Friday, August 29, 2008

I'm On the Road!!!

Well, what a coincidence! This week of On the Road in class, I am on the road (well, actually, I was in the air). I'm back home in Peoria for my 21st class reunion. Yes, 21st. Nobody ever got our 20th planned, so here we are with the class of '88. Really, the adventures of Sal & Dean remind me of some of the craziness of my late high school/first aborted attempt at college. Doing what I wanted just because I could. Experimenting with drugs and alcohol. Going, going, going nowhere. Someone once told me that all those people I called "friends" (nobody take this personally if you know me!) weren't really "friends." More like partners in crime, I guess. Did I lack a moral compass? You betcha! Do I regret the whole period? Not necessarily. I learned what I was capable of. I finally learned self-control. I eventually learned to love myself. Like Sal, I learned that even if you love someone, you don't have to follow them down the destructive path they're on.

Sunday, August 24, 2008

Walk On By

So, this week in my (by "my," I mean the class I am taking) Post-WWII American Fiction class, we (by "we," I mean each student individually) read Invisible Man by Ralph Ellison. This is a novel I had begun reading before, but never finished, not because I didn't enjoy it, but because I didn't have time. In my previous reading, I focused on the issues of identity in the novel. I mean, that narrator tries on personality after personality after being convinced by those who want to "help" him that they have the perfect role for him.

However, when I was reading this time, I caught on to another theme - the impersonality of modern society. And, with the idea of the individual as invisible, this certainly reflects the anonymity one feels when walking down a crowded city street. Okay, my thought process was definitely influenced by something else I read recently - Dark Ages America: The Final Phase of Empire, by Morris Berman. He proposes, among other things, that American (and, increasingly, global) society is so focused on individualism as to preclude most authentic relationships between people. Neighbors don't do a lot of hanging out in their yards anymore; we're too busy watching TV - or blogging!
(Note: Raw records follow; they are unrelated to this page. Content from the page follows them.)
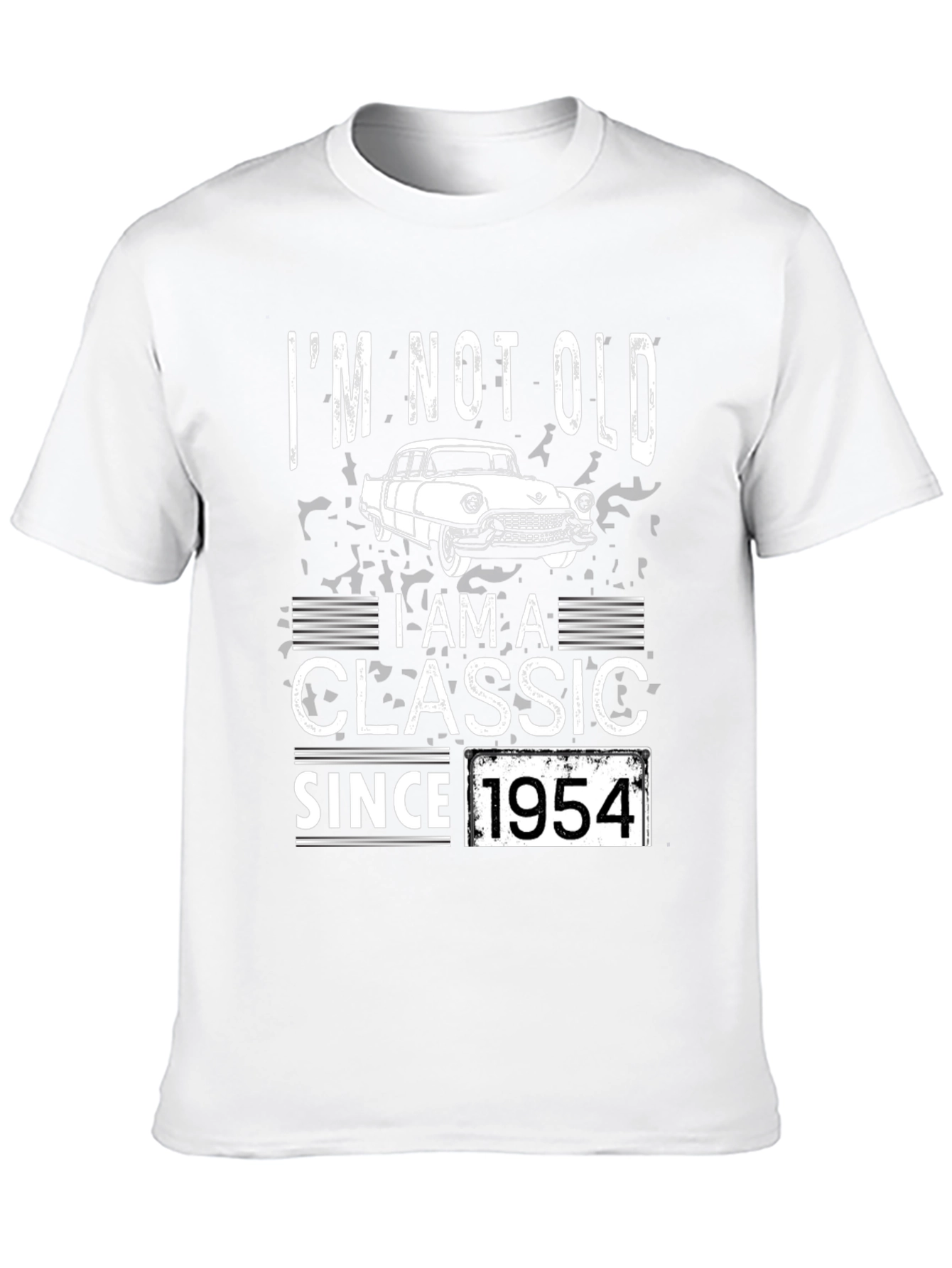 Classic Since 1954 Car Graphic T-Shirt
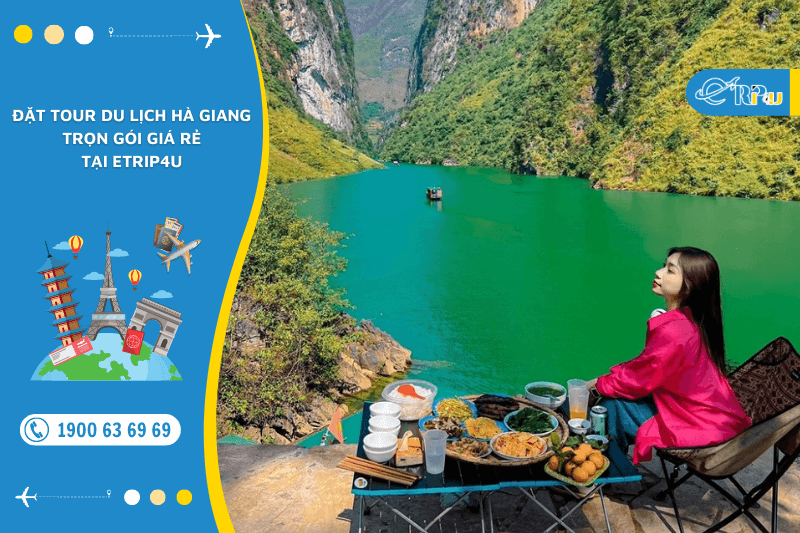 Đặt tour du lịch H&agrave; Giang trọn g&oacute;i gi&aacute; rẻ tại Vnbuy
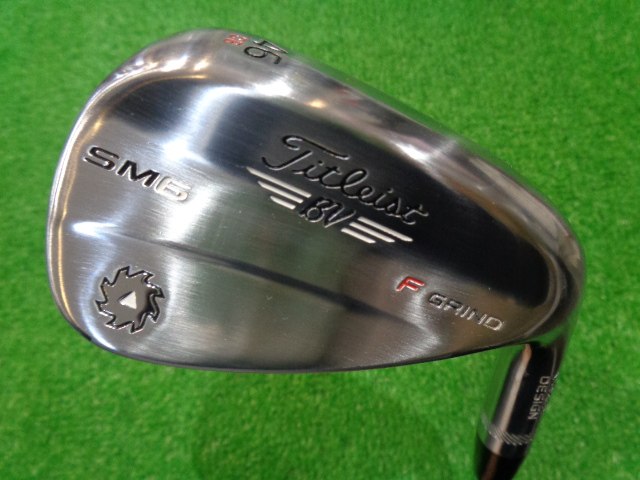 中古ゴルフ ボーケイSM6ツアークローム46-08F 46°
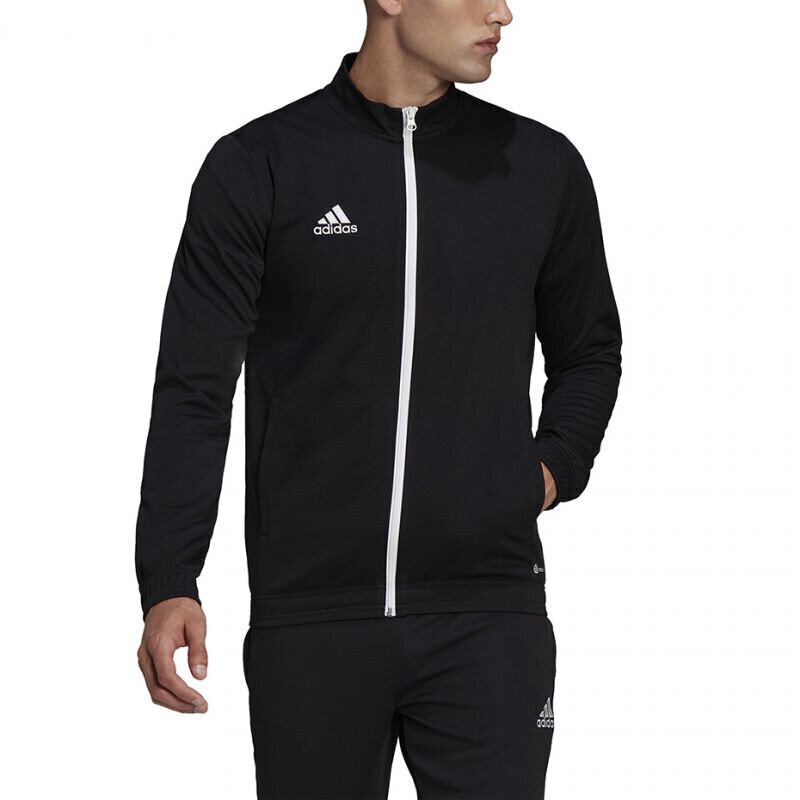 Meeste kampsun Adidas Entrada 22 HB0573, must цена и информация | Meeste spordiriided | kaup24.ee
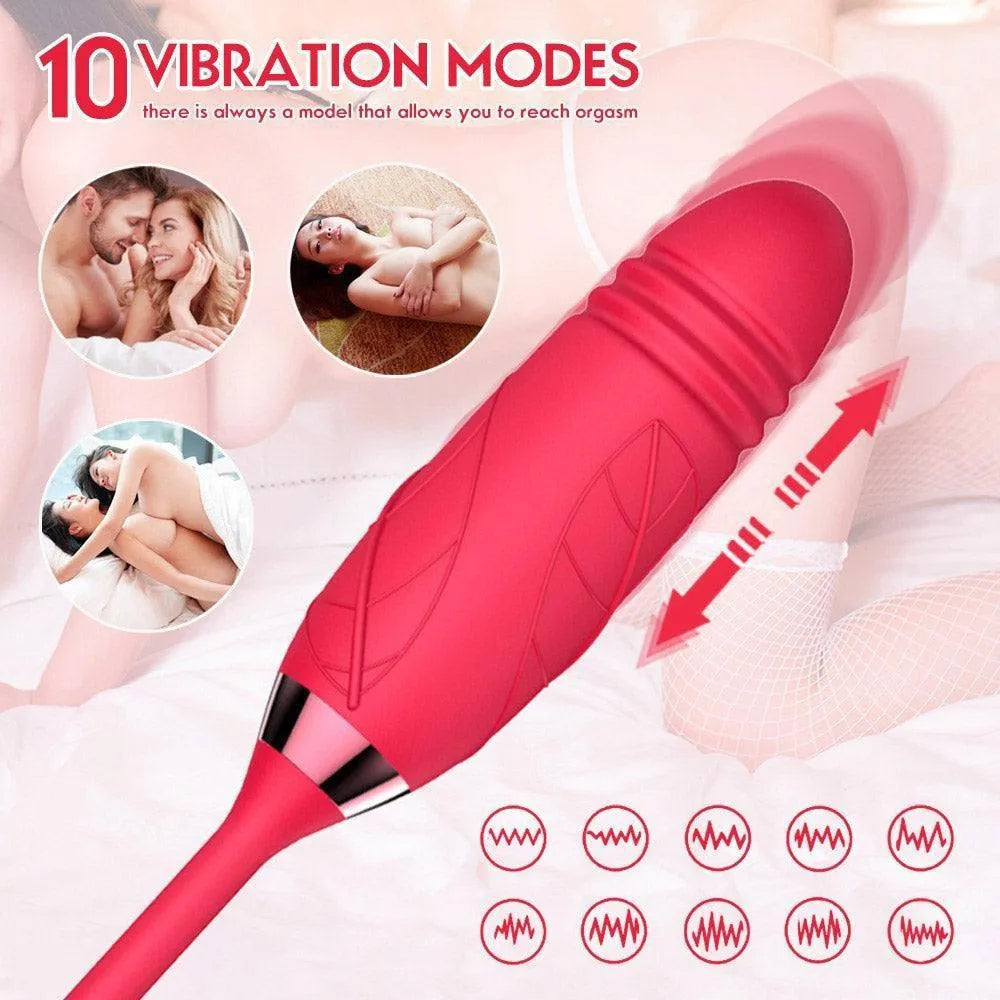 2 en 1 Rosie – vue détail succion clitoridienne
Invisible Man explores the same phenomenon in an earlier form. One reason the narrator is able to remain "invisible" is the limited scope of the connections he does make. Work - a means of getting the cash to buy more things - while scarce in the 1930s, was fast becoming the primary focus of American society, perhaps more so during the Depression because of its scarcety. But, as Berman claims, we've lost the human connections that really make life worthwhile. Personally, I often find myself lonely, though I have classmates, church friends, and family. Maybe if I commit myself more fully to the full-fledged consumerism that defines American, I won't notice the loneliness anymore.